Asus just made an RTX 5090 with 11 lbs of real gold worth $500,000 — RTX 5090 ROG Astral Gold Edition is the most expensive GPU of all time
Finally, an RTX 5090 I can afford.

If you thought the RTX 5090, one of the best graphics cards, was too cheap and too readily available for the average consumer, then your alternate-dimension wishes have been finally granted. As spotted by X user 孤城Hardware, Asus, who already make some of the most extravagant GPUs on the market, has just shown off an RTX 5090 covered from head to toe in pure gold—a whole 11 lbs (5 kg)of it. The opulent graphics card is officially called the RTX 5090 ROG Astral Real Gold Edition, and it was on display at Bilibili World 2025, now considered the most expensive GPU ever made at $500,000.

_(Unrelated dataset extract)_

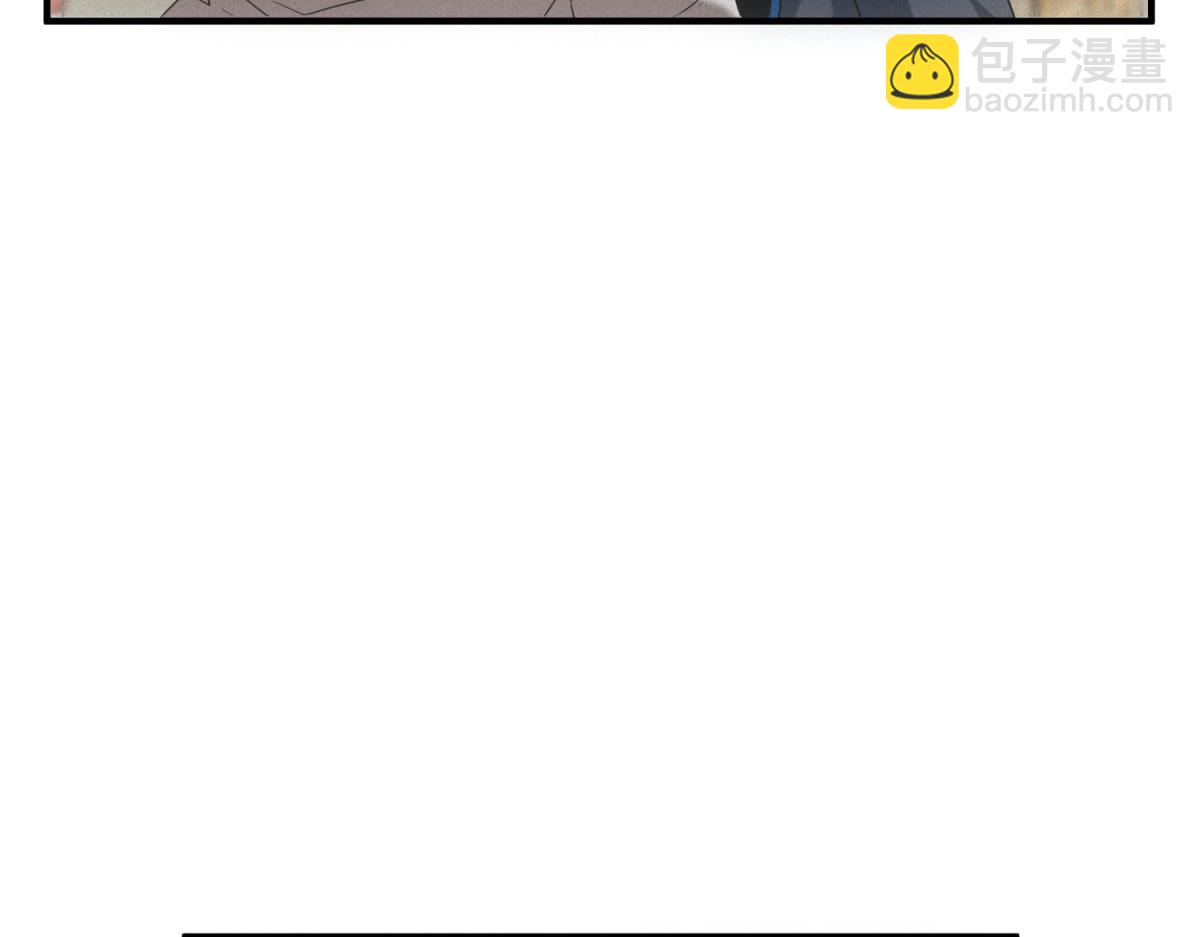 第16话 新奖励(1/3)-第16话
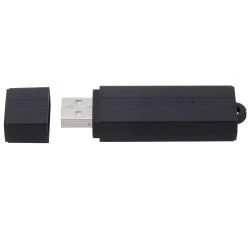 Flash Drive Voice Recorder - Image 2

For some context, the suggested retail pricing of a standard RTX 5090 is supposed to be $2,000, but it's hard to find them under $3,000, even six months after launch. Arguably Nvidia's premier AIB partner, Asus, makes three variants of the 5090: TUF Gaming, Astral, and Astral LC (liquid-cooled), and today's golden card is based on the quad-fan, air-cooled version of the Astral, which currently goes for around $3500 on Amazon. You don't need to be a mathematician to work out how insane the jump from $3,500 to $500,000 is, but that's what you get when you combine an overpriced GPU with an ultra-valuable commodity to form some type of uber-capitalist apparatus.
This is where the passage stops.